Transparency, arguably absolute transparency, is necessary to counter the free speech dangers that the EIP poses by policing inherently slippery concepts like“misinformation” and “disinformation.” The partnership does seem to understand the value of showing its cards. In its statement, the EIP stated that it “has always operated openly and transparently” and that any “insinuation that information about our operations or findings were secret up to this point is disproven by the two years of free, public content we have created.”
It would be more accurate to say that the EIP operated while hidden in plain sight. An obscure partnership between little-known research centers and ABC government agencies may be technically transparent, but that matters little if the vast majority of the population has no idea the arrangement exists. A large portion of the blame goes to the popular and resource-rich media outlets that weren’t interested in covering such developments for readers and viewers until a comparatively small conservative website did it for them.
Since the EIP was formed to exchange information between its partners in real time, it presumably could create a web tool to allow interested citizens and organizations to also watch it work in real time and provide some sort of due process for accounts flagged for disinformation. And if the partnership’s existence continues beyond the midterms, especially in the runup to the 2024 election, it should prioritize recruiting analysts who represent the ideological and political diversity of the American electorate and provide that data to the public.

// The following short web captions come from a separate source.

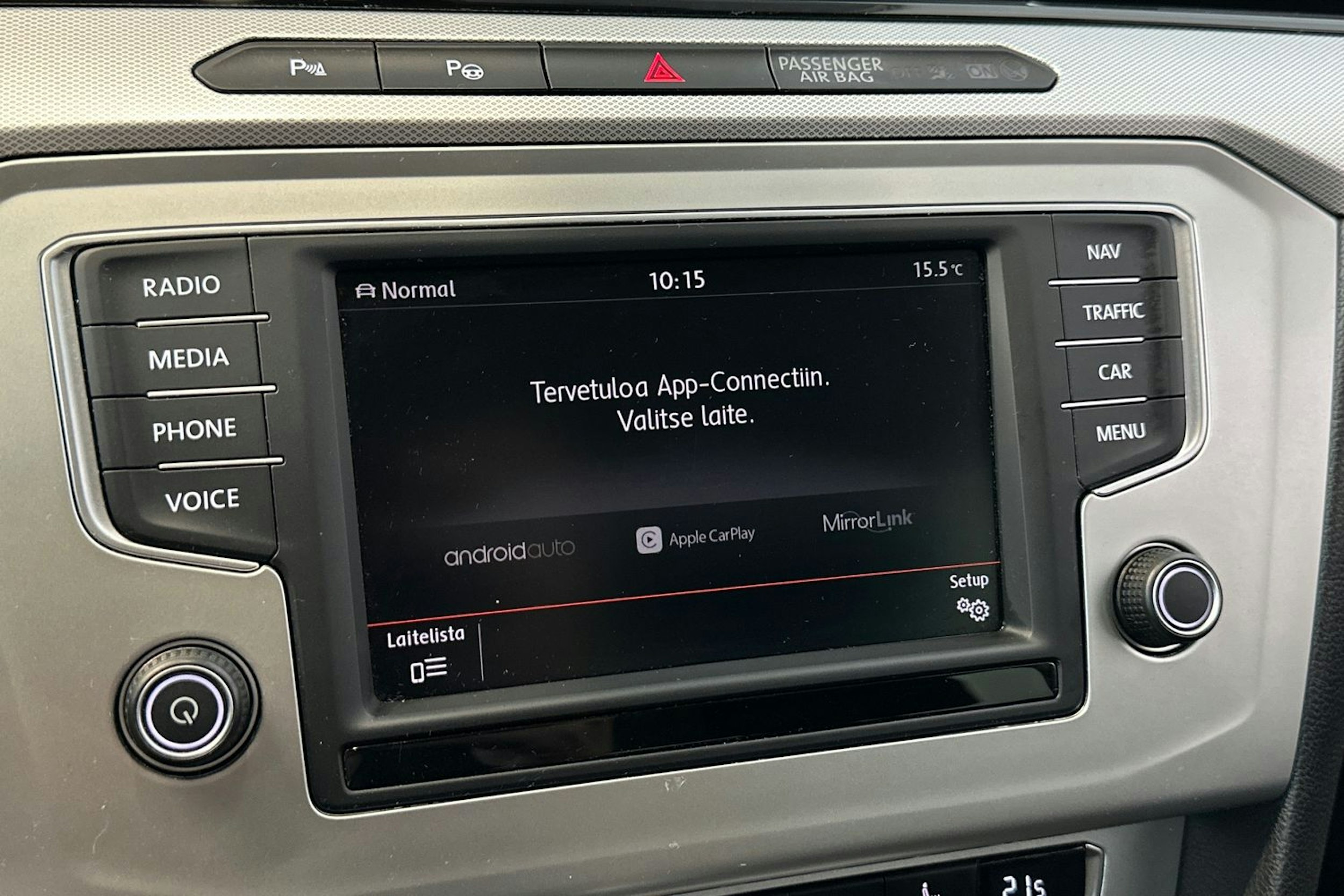 sininen Volkswagen Passat 2016 kuva 27.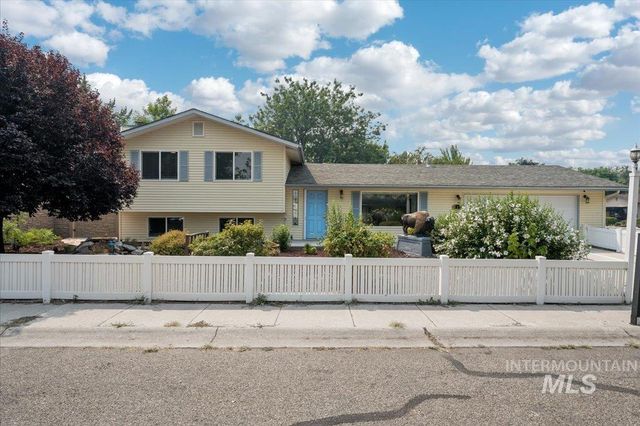 $469,900 | 721 Sullivan Street | Southeast Boise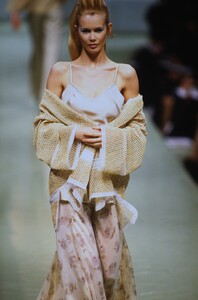 1453069171_valentino-hc-spring-1996(8).thumb.jpg.569bc0b6a7552fe22e2772ef504e56d5.jpg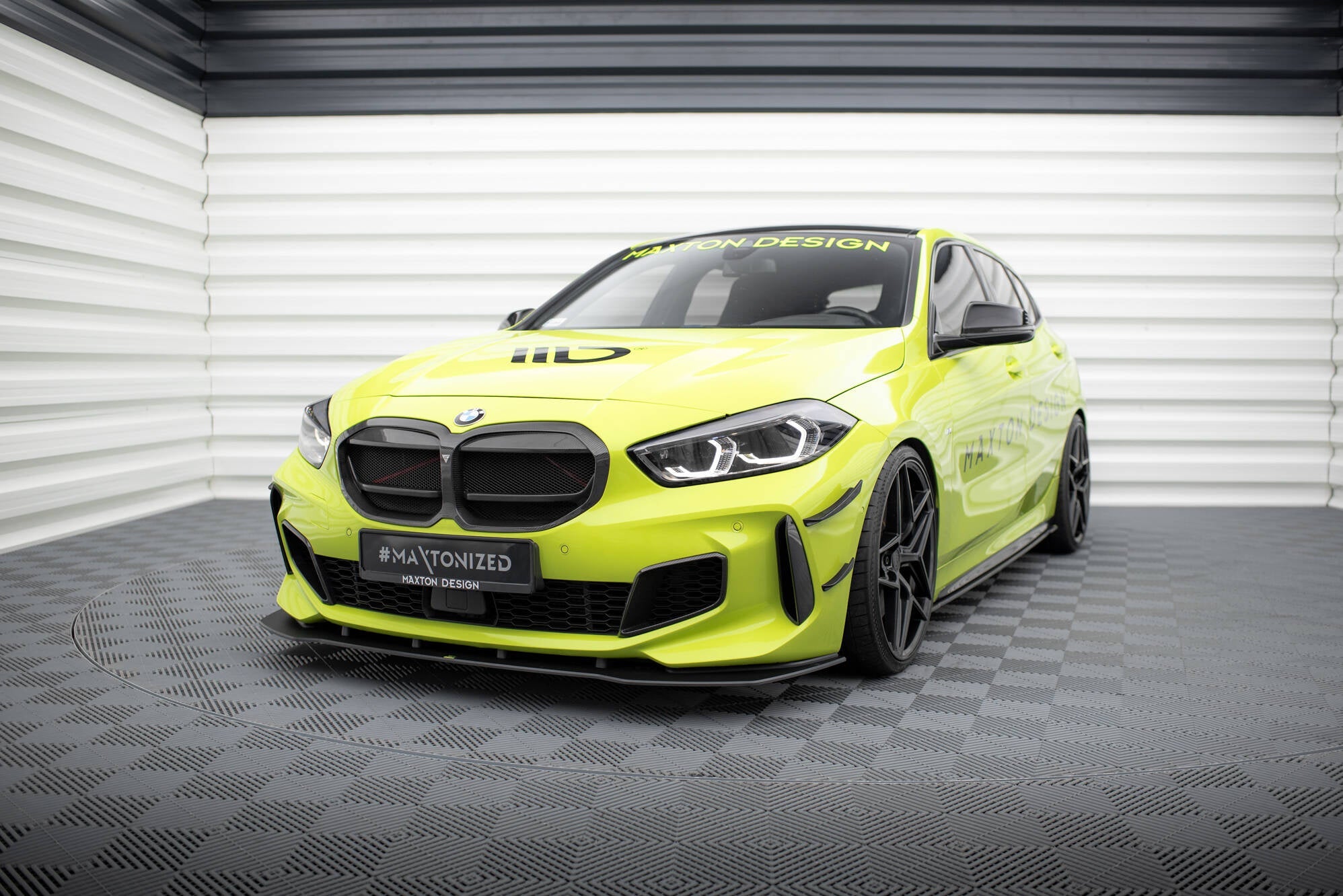 Maxton Design Street Pro Front Splitter para BMW 1 M-Pack / M135i / 128ti F40 - imagen 1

With the potential for abuse so grave, blog posts, Twitter threads, and downloadable after-action reports won’t cut it. Radical transparency is the least voters should expect of such a partnership at least partially funded by taxpayer money and involving elements of the national security bureaucracy. Such a commitment would go a long way toward demonstrating to the public that the EIP has nothing to hide—and is glad to have the American people watch it like a hawk.